En ce qui concerne le débat sur l'opportunité d'instaurer un mécanisme de garanties financières, qui a suscité de nombreux amendements, votre rapporteur vous proposera de retenir la solution présentée par le Gouvernement et maintenue par le Sénat : elle consiste à laisser le soin à une offre du marché des assureurs de prendre en compte la couverture de ce risque. Sur ce point, la « clause de revoyure » en 2010 prévue par la directive nous a semblé particulièrement opportune afin de vérifier la réalité, évoquée parfois au cours de nos auditions, d'une difficulté à développer une offre pour un risque difficile à évaluer.

Pour conclure sur ce titre Ier, je souhaiterais vous signaler, l'amendement présenté par le sénateur de Vendée, M. Retailleau, et devenu désormais l'article 4 bis, qui autorise les collectivités territoriales et leurs groupements à se constituer partie civile en cas de dommages à leur environnement. Bien entendu, il ne nous viendrait pas à l'idée de contester les motivations, ô combien légitimes, qui ont inspiré son rédacteur et le vote unanime du Sénat. Néanmoins, il me semblait de mon devoir de rapporteur de préciser que cet amendement aurait eu davantage sa place lors de la transposition de la directive pénale actuellement en préparation. Inséré dans une loi consacrée à la création et à la définition d'une police administrative, cet article pourrait éventuellement créer la confusion et, à ce titre, n'a pas été soutenu par le Gouvernement.
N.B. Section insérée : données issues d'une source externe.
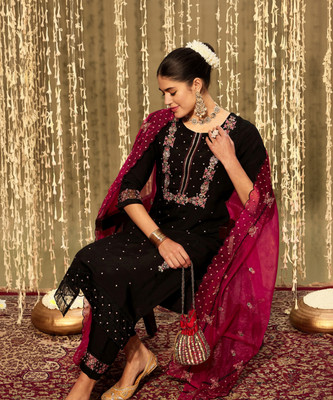 Indo Era Women Kurta Pant Dupatta Set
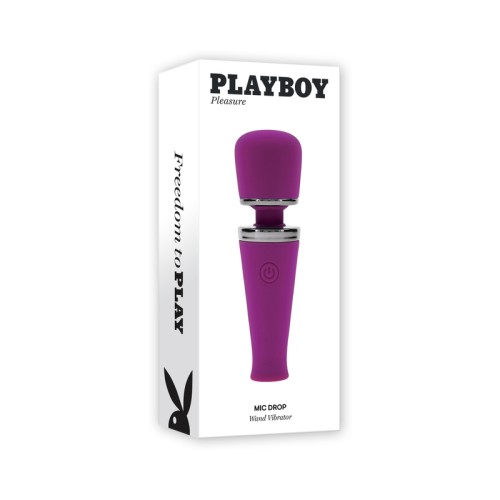 Playboy Mic Drop Wild Aster - Wand Vibrator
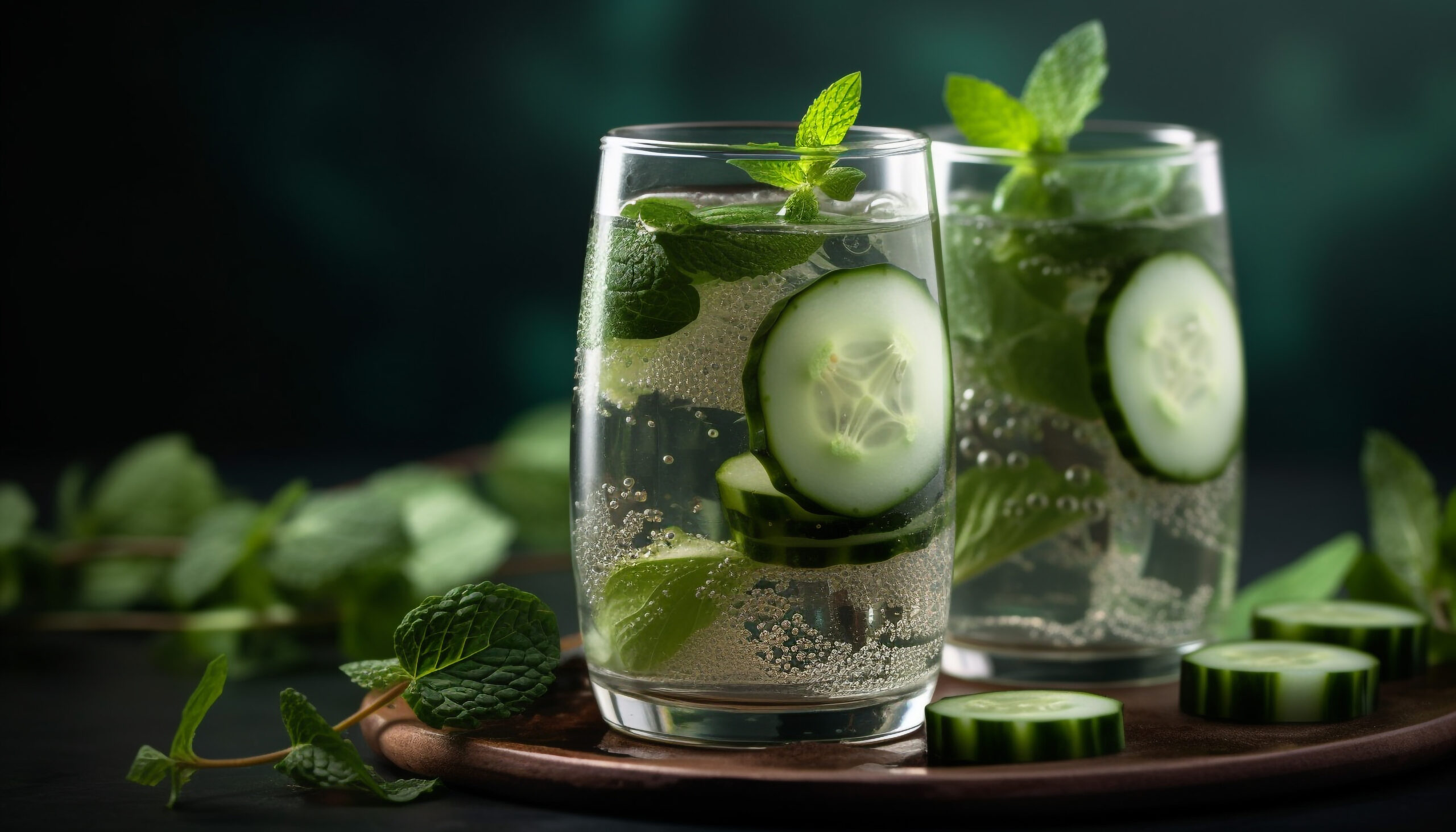 cucumber and mint drink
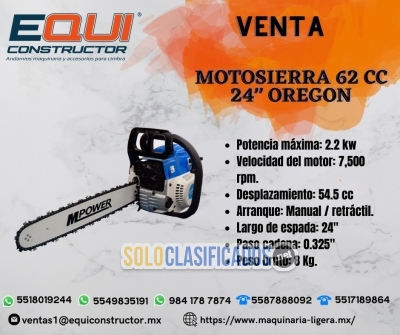 Venta motosierra 62 cc oregon en San Luis Potosí... 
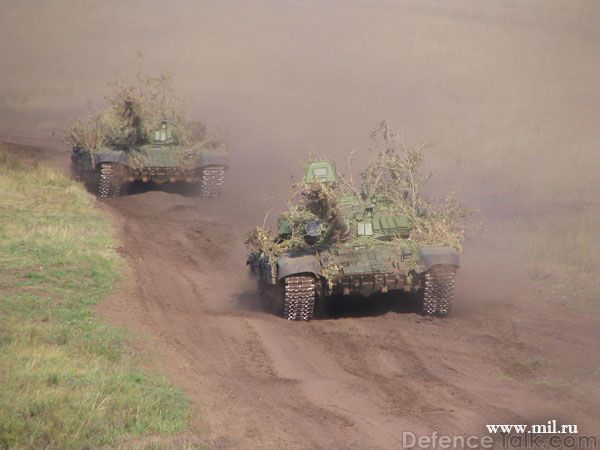 T-72 Column in Camouflage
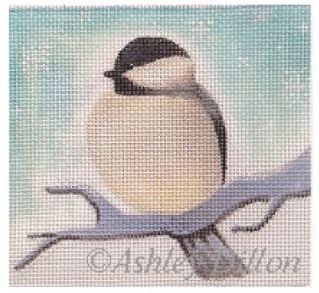click here to view larger image of Chickadee Looking Left (hand painted canvases)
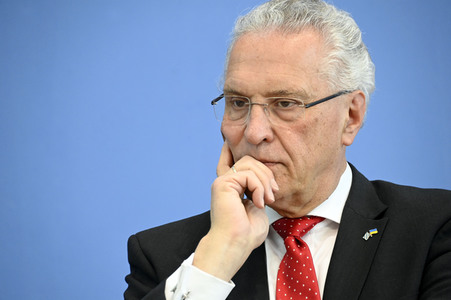 Bundespressekonferenz Polizeiliche Kriminalstatistik 2021 in Berlin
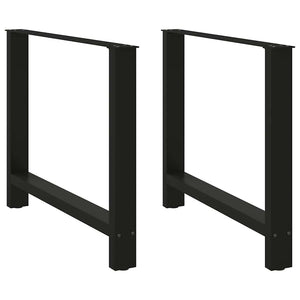 Esstischbeine Schwarz 90x72 cm, 2er Set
Pour terminer mon intervention, je souhaiterais, en quelques mots, évoquer le titre II du projet de loi qui vous est présenté. Je vous rappelle qu'il est essentiellement consacré à la transposition de directives qui auraient figuré dans le projet de loi relatif au Grenelle de l'environnement si celui-ci avait pu trouver sa place dans l'ordre du jour de juillet. Les articles ont trait à la qualité de l'air, à la lutte contre l'effet de serre et notamment à la constitution de réserves de quotas de CO2 sur lesquelles nous reviendrons probablement dans notre débat, aux biocides, aux déchets électriques ou électroniques ménagers, à la directive REACH ou bien encore à Natura 2000. Le caractère technique de la plupart de ces articles répond parfois à la volonté de respecter un degré de précision voulu par la Commission européenne.

Votre commission a essentiellement apporté des modifications au texte d'origine à propos de la répression des pollutions marines. À la demande de votre rapporteur, et à l'unanimité, elle a souhaité durcir très sensiblement les peines d'amendes encourues par les navires souvent dénommés « poubelles » et harmoniser les sanctions carcérales pour éviter que celles-ci ne concernent que les navires arborant un pavillon français, qui, à ce jour, figurent en tête du classement des navires mondiaux. Je sais, monsieur le ministre, que nous ne portons pas nécessairement la même appréciation sur ce problème. Une décision, dans ce domaine comme dans les autres, doit être juste pour être admise et comprise. Dans l'attente de conventions internationales harmonisant les peines encourues, conventions auxquelles, le moment venu, je ne m'opposerai pas, notre intérêt n'était ni de pénaliser ceux qui veulent respecter nos mers ni d'encourager l'utilisation de pavillons de complaisance.

Telles sont, monsieur le ministre, mes chers collègues, les conclusions auxquelles est parvenue votre commission des affaires économiques qui, sous réserve des amendements qu'elle propose, vous demande d'adopter ce texte qui constitue à l'évidence un progrès pour le respect de notre environnement, dans l'esprit de la Charte constitutionnelle et du Grenelle. (Applaudissements sur les bancs du groupe de l'Union pour un mouvement populaire.)